Marketten gelen ebeveynlerin poşetinde abur cubur arayıp sadece temizlik malzemeleri gören çocuk gibiyim, öyle bir efkâr var. Devam etsin o vakit ortaya karışıklar…
-İnsanları delirtip delirtip 'Ben senin böyle biri olduğunu bilmiyordum' diyorsunuz. Yauuvv siz delirtmeden önce biz böyle biri değildik ki zaten.
-Şimdi sorsanız, matematiği zayıftır ama menfaatlerini hatasız hesaplar!
-Otobüse topluca binen teyzelerdeki kadrolaşma kimsede yok millî takımda bile; ‘Aysel sen şuraya otur.’ ‘Nermin sen çocuğu kucağına al.’ ‘Pakize sen de buraya otur.’
-Hayat felsefem; pudingi çay kaşığıyla yiyeyim de geç bitsin.
-Tuvalet kâğıdına kalp işareti koyan firmanın, alnından öpüyorum. “Aşk”ın ne olduğunu dümdüz anlatmışlar!..
-Küstüklerimden pişman değilim, aklım hâlâ ayıp olmasın diye konuştuklarımda!
-Şapşal kelimesini çok seviyorum. Çok şirin. Herkese şapşal diyorum, mesela dün dedeme 'dişlerin nerede şapşal' dedim. “Uslan artık zirzop!” dedi. Zirzop da güzel bak…

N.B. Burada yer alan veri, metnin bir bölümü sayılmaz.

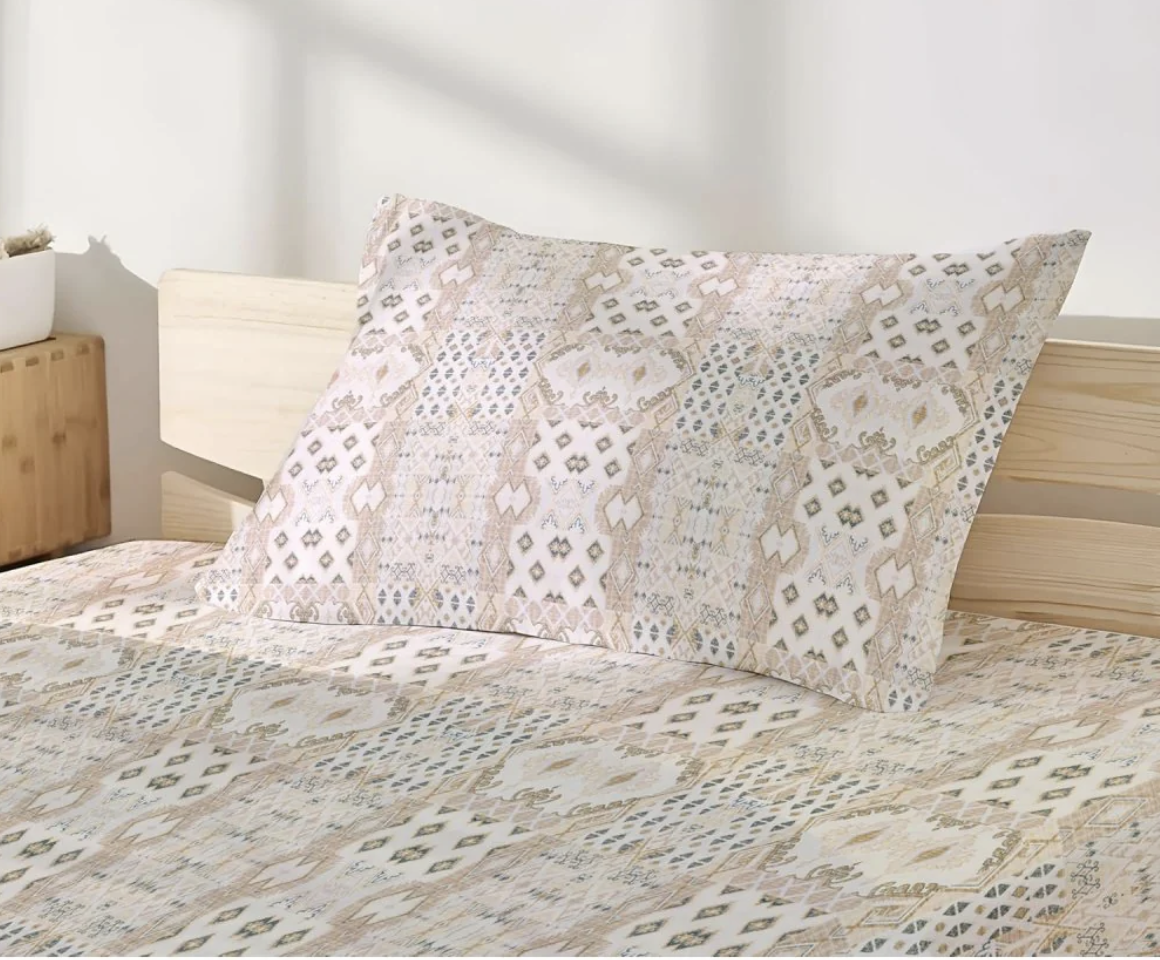 Pure Cotton Single Bedsheet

-Kapımızı çalanlara kapıyı açtık, sonra onlar içerde biz dışarda kaldık…
-Bir kadının fikrini değiştirmek istiyorsan, onunla hemfikir ol!
-Diplomat, bir kadının doğum gününü her zaman hatırlayan, ancak yaşını asla hatırlamayan bir adamdır.
-Telefonu %1'deyken şarja takınca kendimi final maçında son dakikada gol atarak takımına galibiyeti getirmiş futbolcu gibi hissedenler el kaldırsın.
-İlk ders beden eğitimi ise okula eşofmanla giden, son ders beden eğitimi ise eve eşofmanla dönen bir millet olarak olimpiyatlar bizim hakkımızdı!
-Sosyal medyada 13 yaşındaki kız 'hayatımı kararttın' diye durum atmış. Babası odasının ışığını söndürdü zaar!..
-Bence 2 diyetisyene birden gitmek lazım. Bir tanesinin verdiği yemekle karın doymuyor…
-Cips paketinin ağzına kadar dolu olduğu bir dünya istiyorum!
-Depresyon kadında şöyle ilerler; Bunalım... Bunaalım... Bunu alım... Bunu alayım... Bunu da alayım... Bunu al bunu... Al bunu da... Bunu da Bunu da...
Ninem diyor ki; Çoban güttüğü koyunun huyunu bilir.